> Task requirements
Copy word for word the lines of the records below, beginning at the one with "visiter-vitré-rempart" and finishing at the one with "147 Pemi River", ends included, but none of the pictures.

### Material shown

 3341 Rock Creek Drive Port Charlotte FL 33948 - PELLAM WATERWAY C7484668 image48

######
### Material shown

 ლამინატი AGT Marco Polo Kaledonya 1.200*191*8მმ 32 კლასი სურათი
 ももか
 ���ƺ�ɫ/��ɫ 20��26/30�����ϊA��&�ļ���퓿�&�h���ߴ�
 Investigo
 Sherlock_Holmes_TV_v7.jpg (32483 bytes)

######
### Material shown

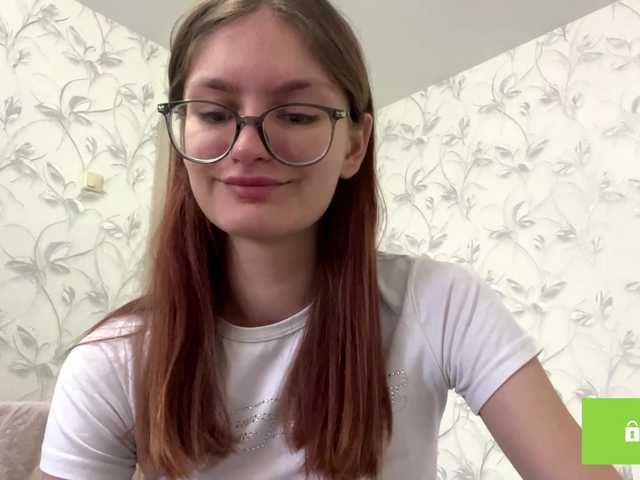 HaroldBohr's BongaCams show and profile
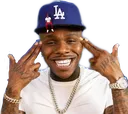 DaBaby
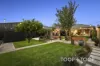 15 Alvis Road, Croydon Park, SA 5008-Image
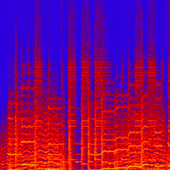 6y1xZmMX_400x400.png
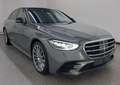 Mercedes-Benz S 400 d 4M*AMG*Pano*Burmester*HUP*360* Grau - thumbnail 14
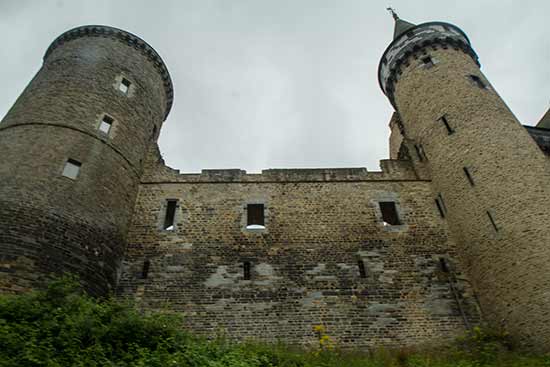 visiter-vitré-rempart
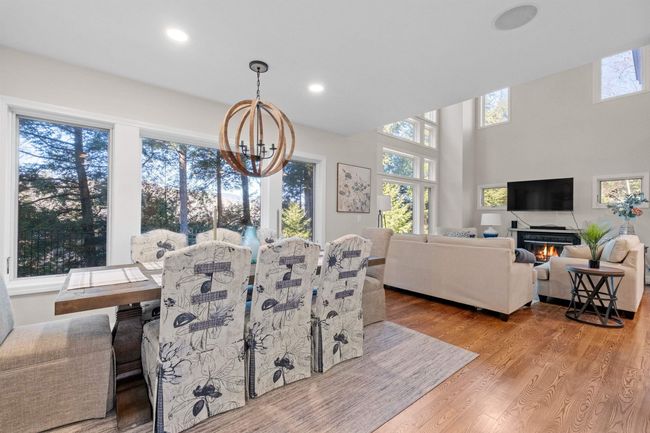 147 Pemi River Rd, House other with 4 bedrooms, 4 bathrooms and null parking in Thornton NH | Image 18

######

> Written response
 visiter-vitré-rempart
 147 Pemi River Rd, House other with 4 bedrooms, 4 bathrooms and null parking in Thornton NH | Image 18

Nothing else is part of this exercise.